▶ [SUPPLIED MATERIAL]:
──────────────────────────────

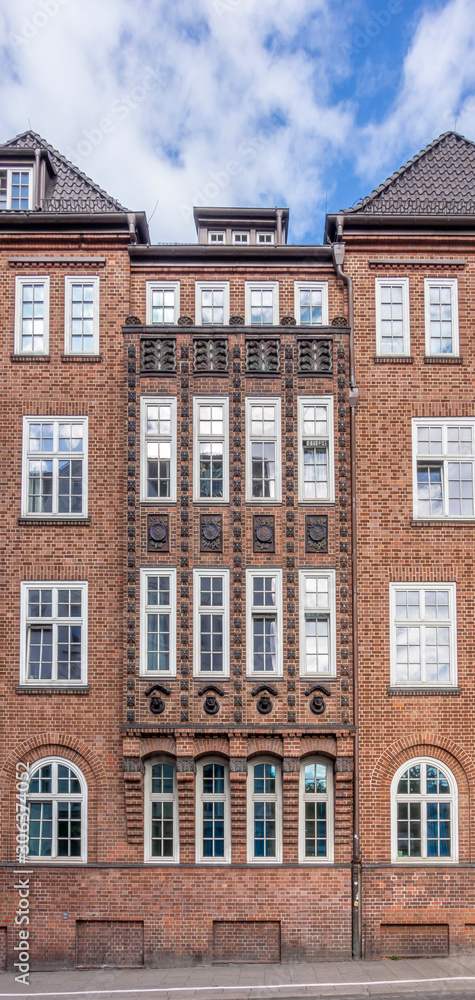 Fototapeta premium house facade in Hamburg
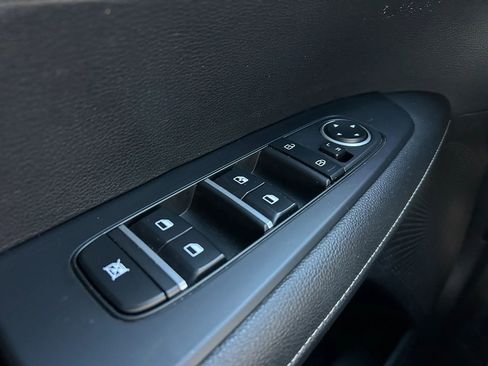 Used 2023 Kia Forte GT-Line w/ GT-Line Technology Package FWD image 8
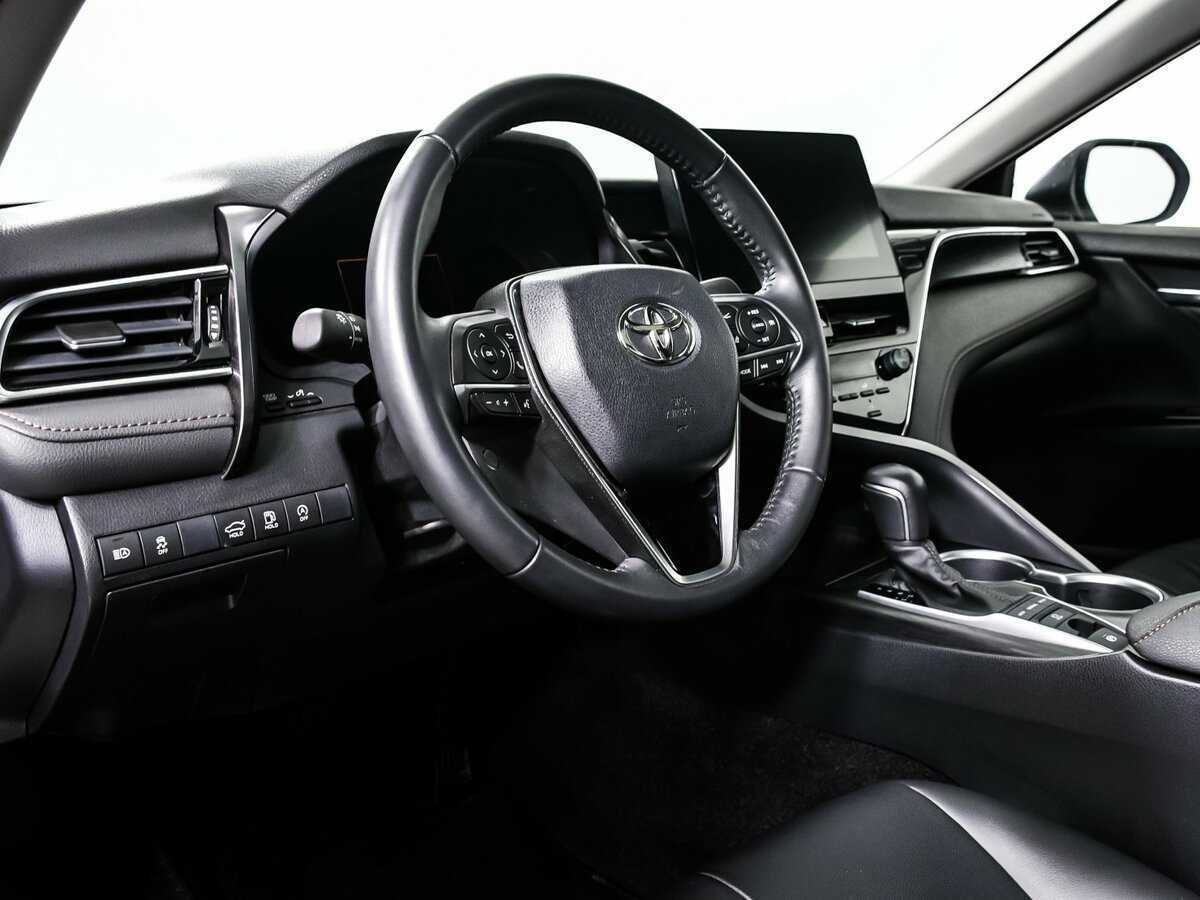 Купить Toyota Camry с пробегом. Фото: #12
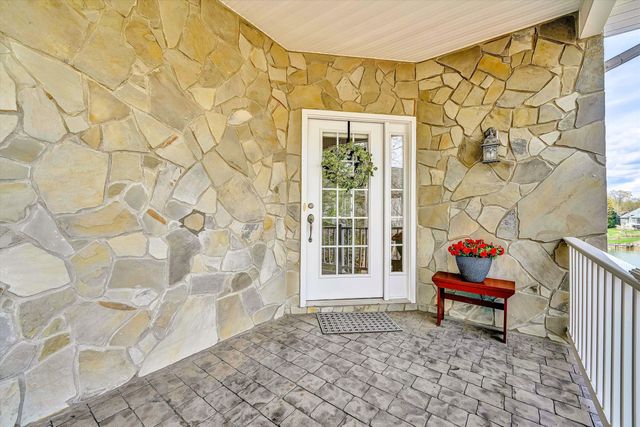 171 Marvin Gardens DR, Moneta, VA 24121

──────────────────────────────

▶ [PROBLEM DESCRIPTION]:
An exact copy of every line above is needed, without the images.

▶ [RESPONSE TO THIS EXERCISE]:
 Fototapeta premium house facade in Hamburg
 Used 2023 Kia Forte GT-Line w/ GT-Line Technology Package FWD image 8
 Купить Toyota Camry с пробегом. Фото: #12
 171 Marvin Gardens DR, Moneta, VA 24121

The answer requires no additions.